Aim of the exercise | The entries are to be repeated exactly, with all pictures omitted.

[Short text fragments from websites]
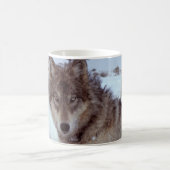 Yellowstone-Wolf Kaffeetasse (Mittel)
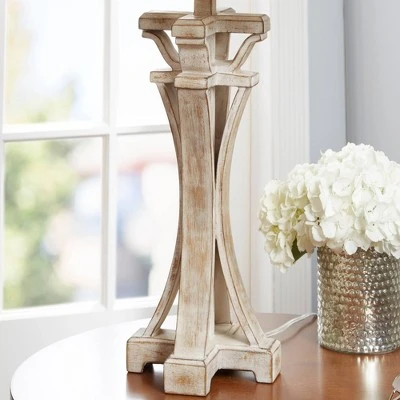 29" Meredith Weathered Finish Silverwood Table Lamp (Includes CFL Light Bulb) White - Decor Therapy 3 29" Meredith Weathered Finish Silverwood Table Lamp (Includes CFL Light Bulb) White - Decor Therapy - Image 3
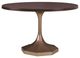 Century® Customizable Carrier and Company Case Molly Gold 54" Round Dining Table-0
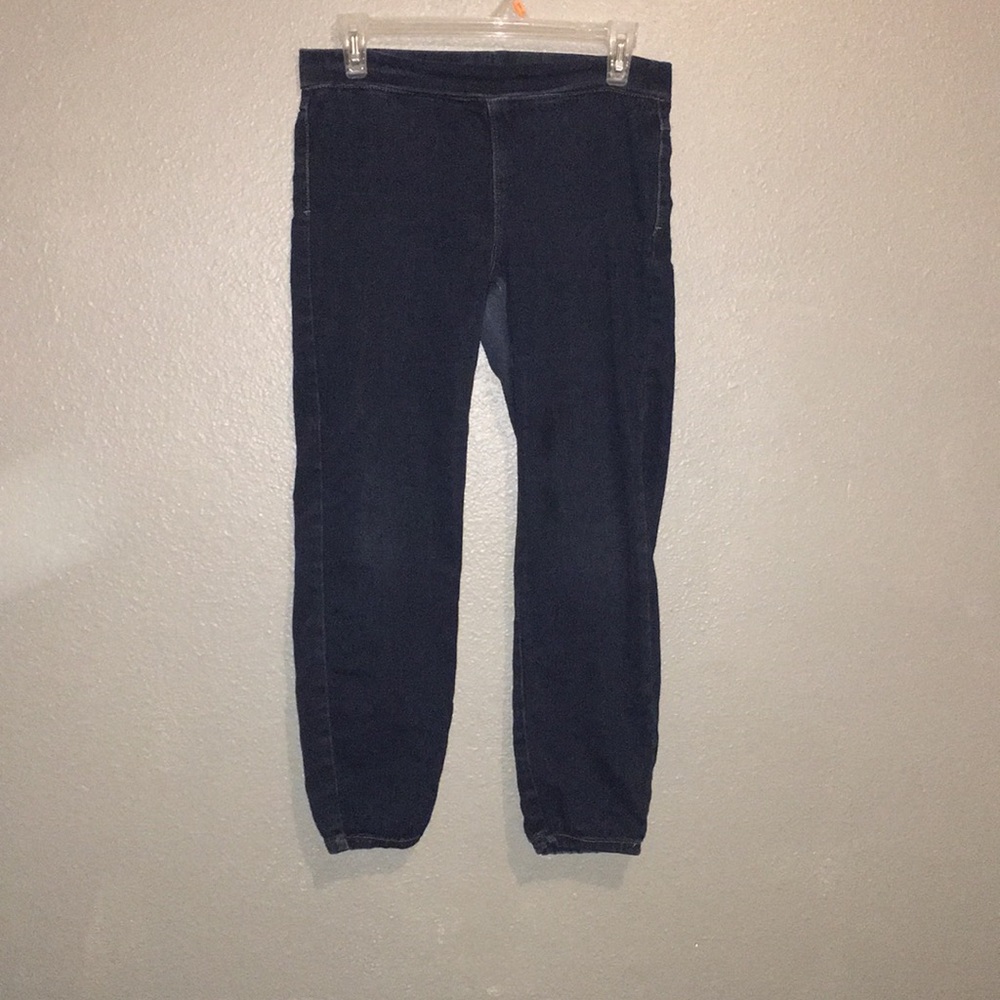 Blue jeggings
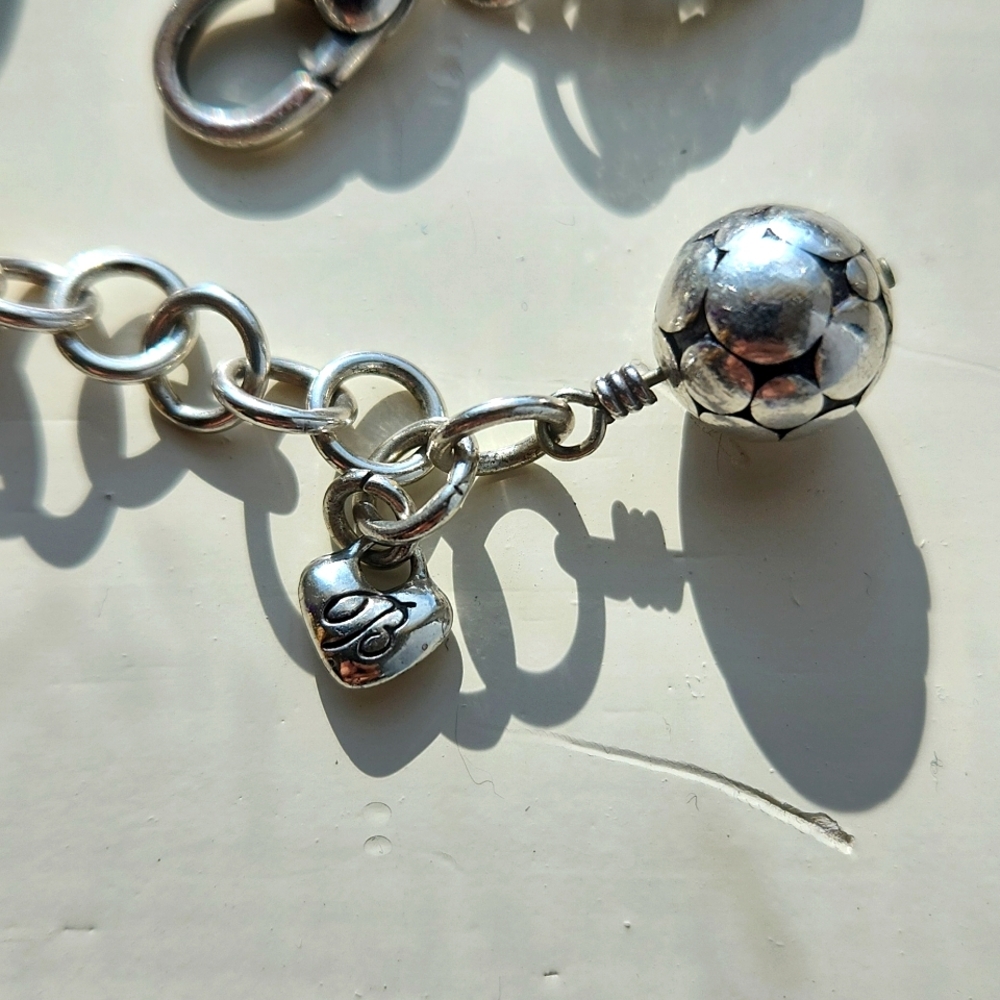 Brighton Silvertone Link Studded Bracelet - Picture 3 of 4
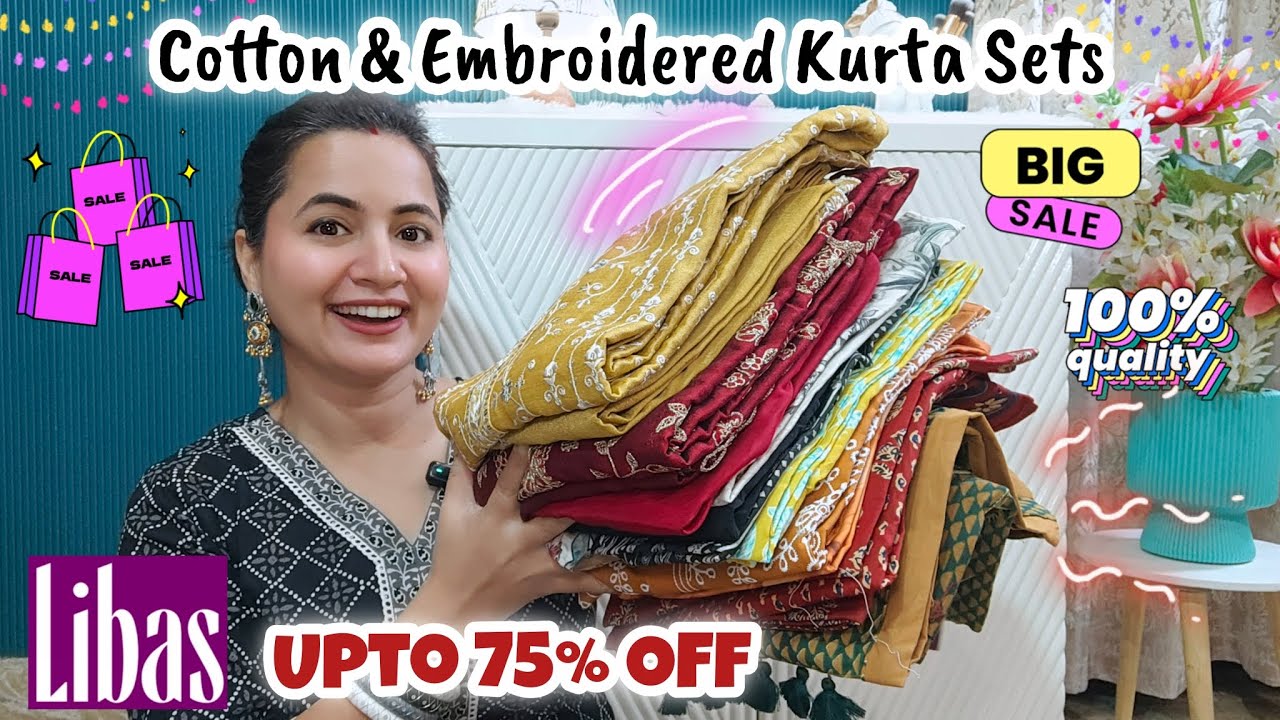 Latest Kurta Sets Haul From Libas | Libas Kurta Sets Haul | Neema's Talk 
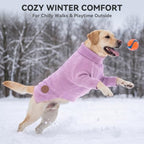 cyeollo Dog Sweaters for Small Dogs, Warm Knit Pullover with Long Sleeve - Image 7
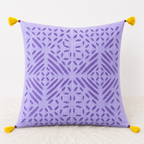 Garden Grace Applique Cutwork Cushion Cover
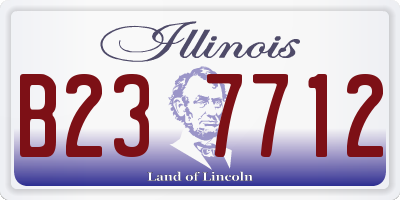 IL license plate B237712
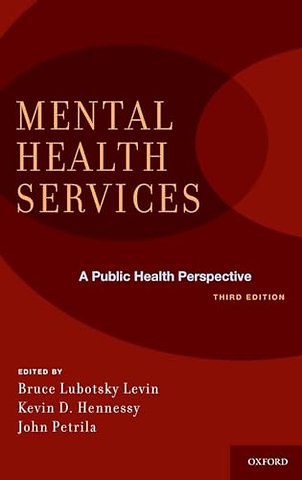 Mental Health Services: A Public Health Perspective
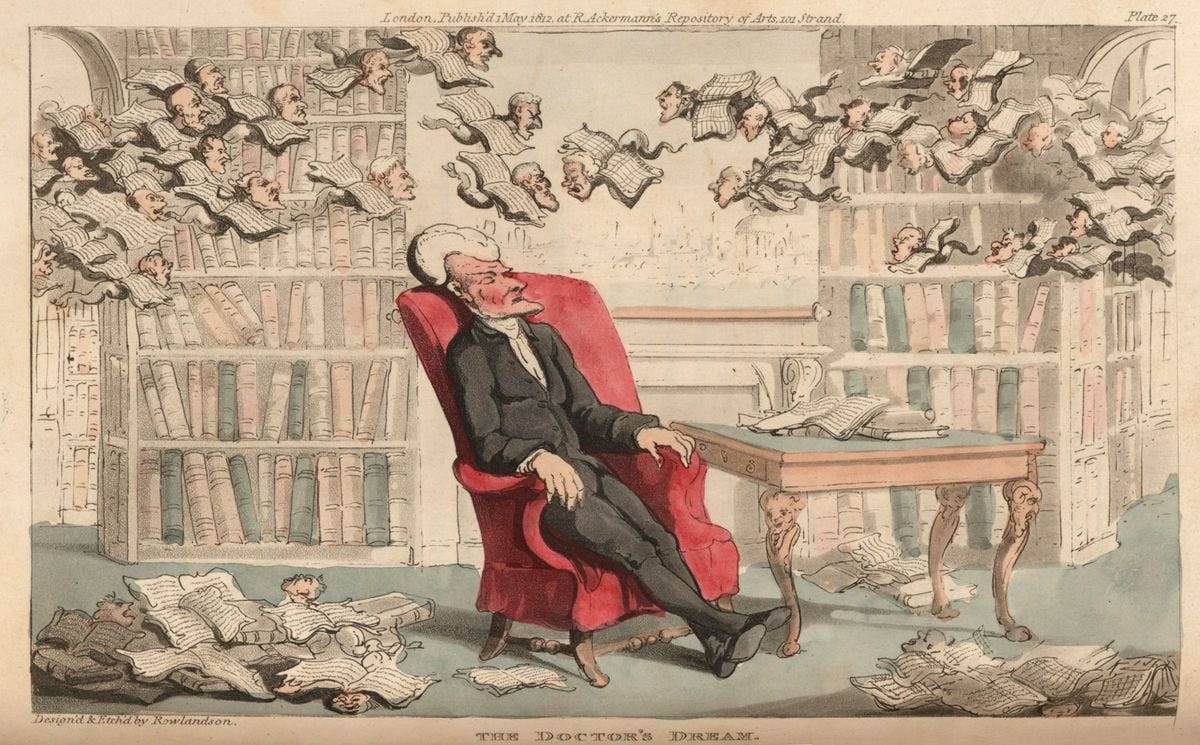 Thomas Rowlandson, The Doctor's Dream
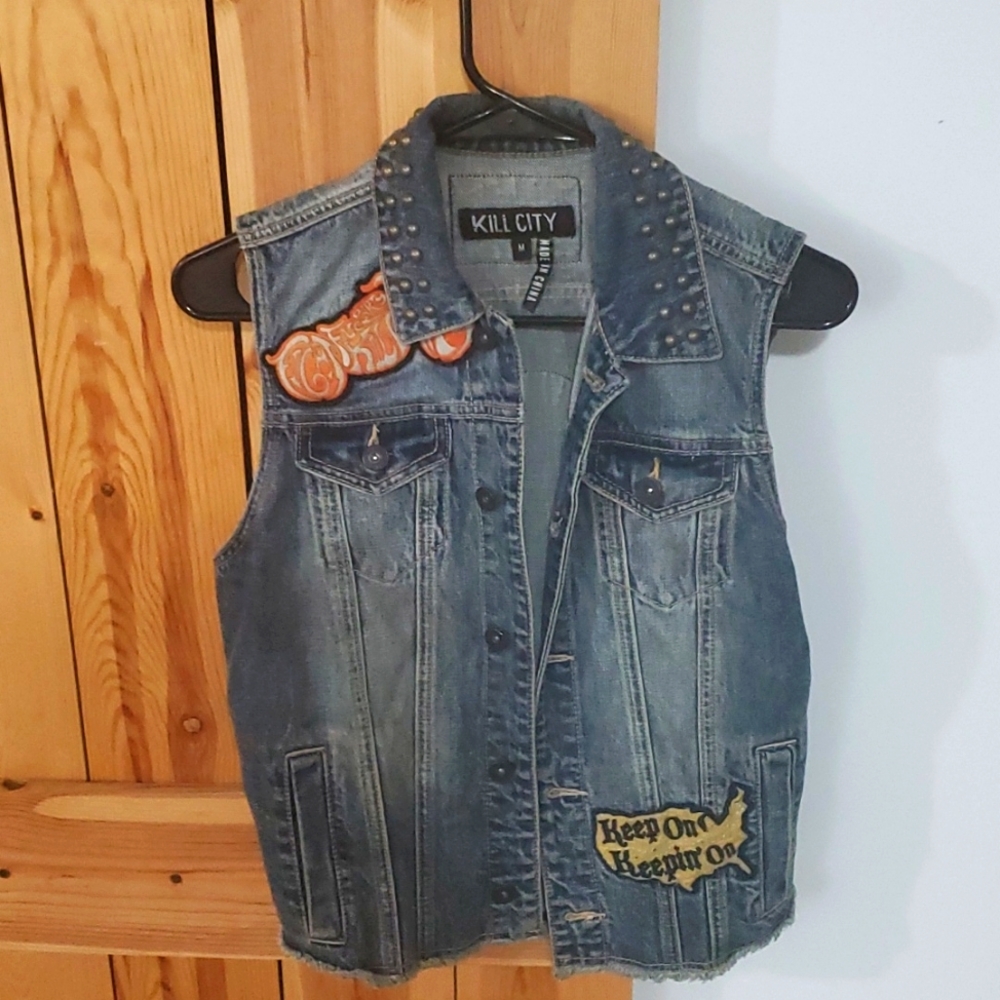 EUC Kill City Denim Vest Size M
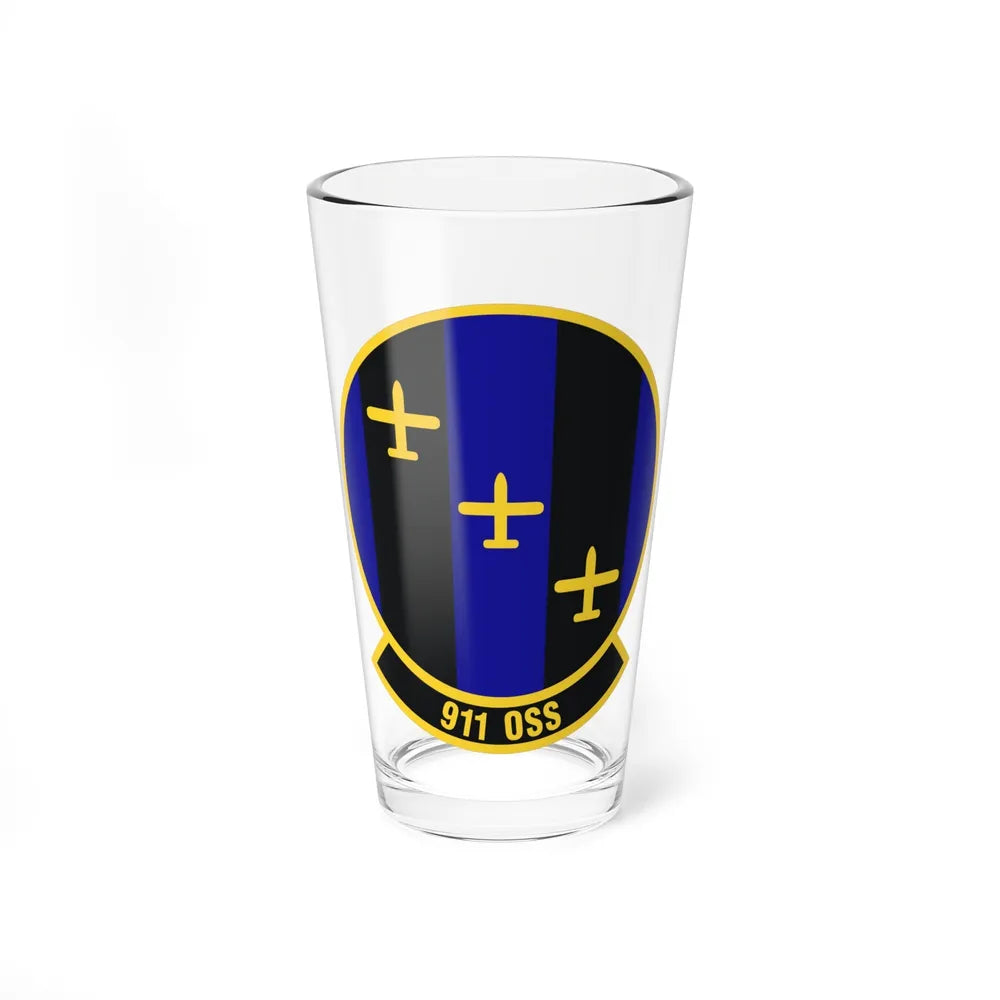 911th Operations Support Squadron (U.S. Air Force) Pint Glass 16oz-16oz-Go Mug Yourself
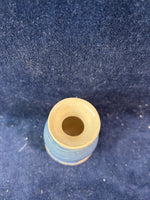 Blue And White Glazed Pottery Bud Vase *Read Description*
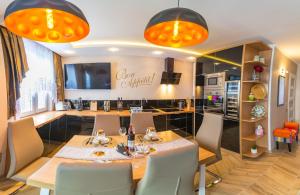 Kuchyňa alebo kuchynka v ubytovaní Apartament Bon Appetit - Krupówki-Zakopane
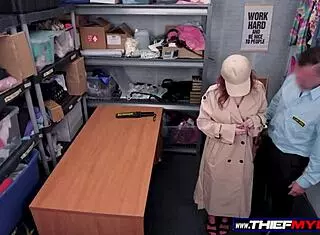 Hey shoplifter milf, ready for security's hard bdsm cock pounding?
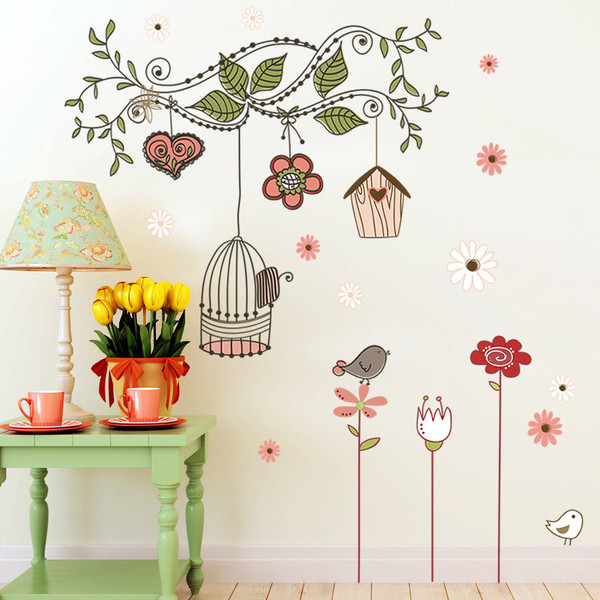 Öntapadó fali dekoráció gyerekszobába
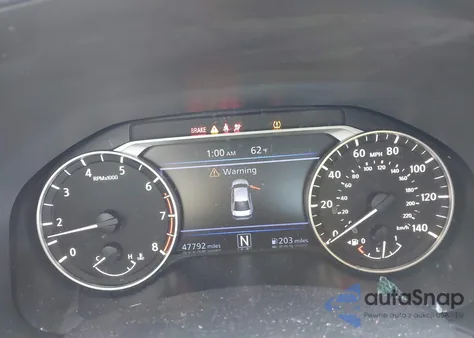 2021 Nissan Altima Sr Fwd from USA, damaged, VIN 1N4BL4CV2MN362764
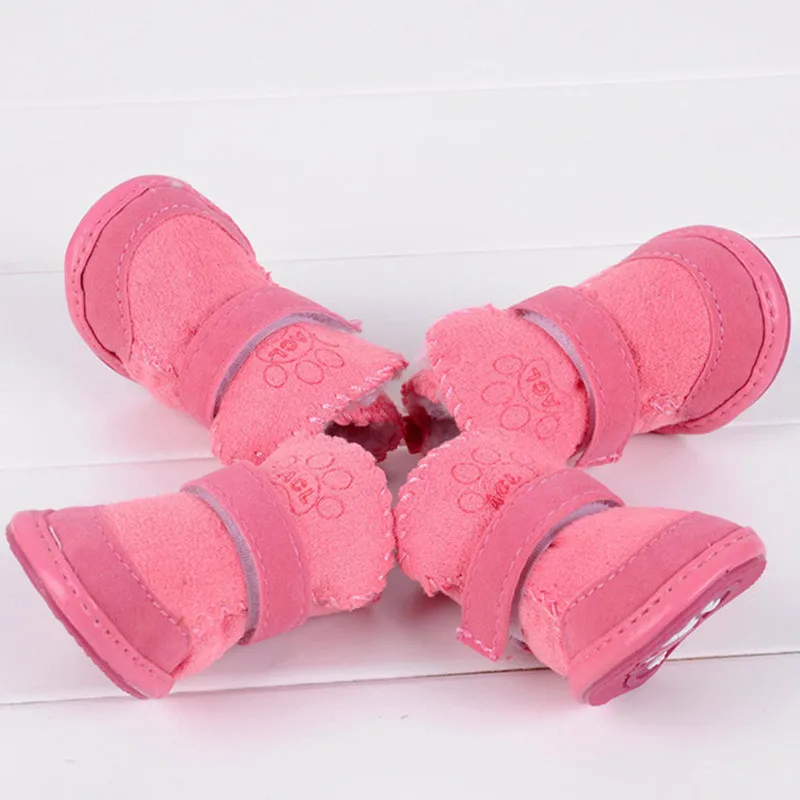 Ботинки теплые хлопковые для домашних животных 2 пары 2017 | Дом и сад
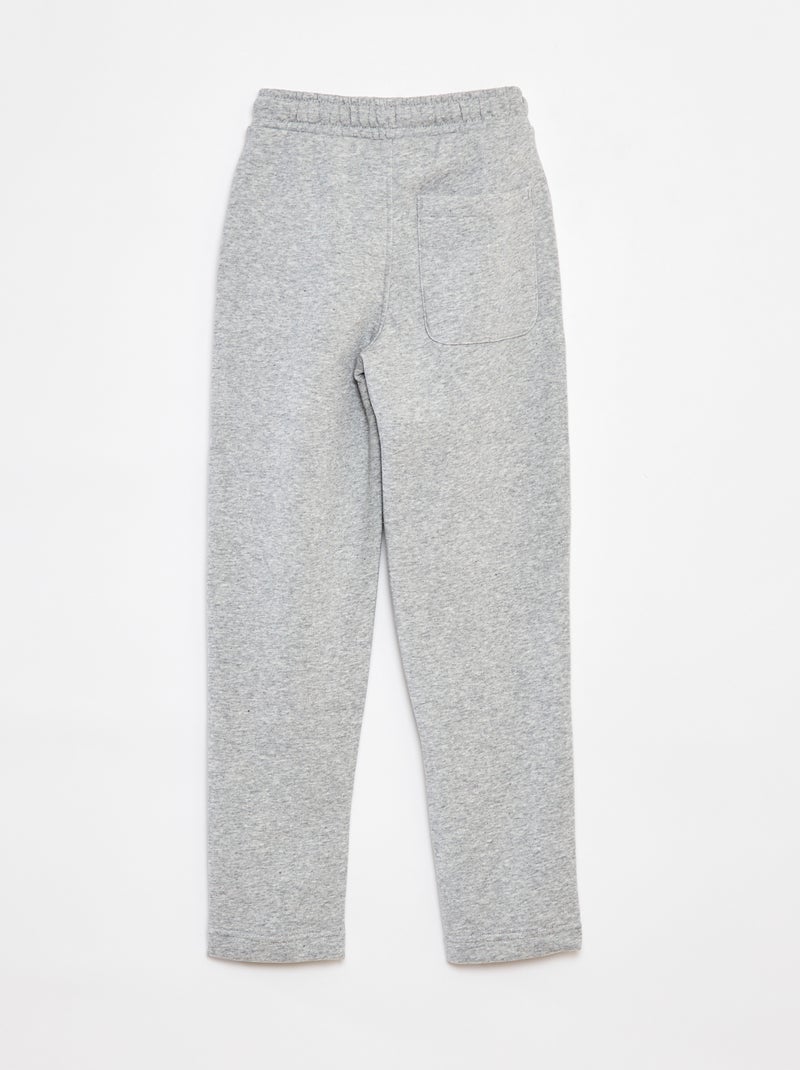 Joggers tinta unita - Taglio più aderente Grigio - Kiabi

Solution to the exercise |
 Yellowstone-Wolf Kaffeetasse (Mittel)
 29" Meredith Weathered Finish Silverwood Table Lamp (Includes CFL Light Bulb) White - Decor Therapy 3 29" Meredith Weathered Finish Silverwood Table Lamp (Includes CFL Light Bulb) White - Decor Therapy - Image 3
 Century® Customizable Carrier and Company Case Molly Gold 54" Round Dining Table-0
 Blue jeggings
 Brighton Silvertone Link Studded Bracelet - Picture 3 of 4
 Latest Kurta Sets Haul From Libas | Libas Kurta Sets Haul | Neema's Talk 
 cyeollo Dog Sweaters for Small Dogs, Warm Knit Pullover with Long Sleeve - Image 7
 Garden Grace Applique Cutwork Cushion Cover
 IL license plate B237712
 Mental Health Services: A Public Health Perspective
 Thomas Rowlandson, The Doctor's Dream
 EUC Kill City Denim Vest Size M
 911th Operations Support Squadron (U.S. Air Force) Pint Glass 16oz-16oz-Go Mug Yourself
 Blue And White Glazed Pottery Bud Vase *Read Description*
 Kuchyňa alebo kuchynka v ubytovaní Apartament Bon Appetit - Krupówki-Zakopane
 Hey shoplifter milf, ready for security's hard bdsm cock pounding?
 Öntapadó fali dekoráció gyerekszobába
 2021 Nissan Altima Sr Fwd from USA, damaged, VIN 1N4BL4CV2MN362764
 Ботинки теплые хлопковые для домашних животных 2 пары 2017 | Дом и сад
 Joggers tinta unita - Taglio più aderente Grigio - Kiabi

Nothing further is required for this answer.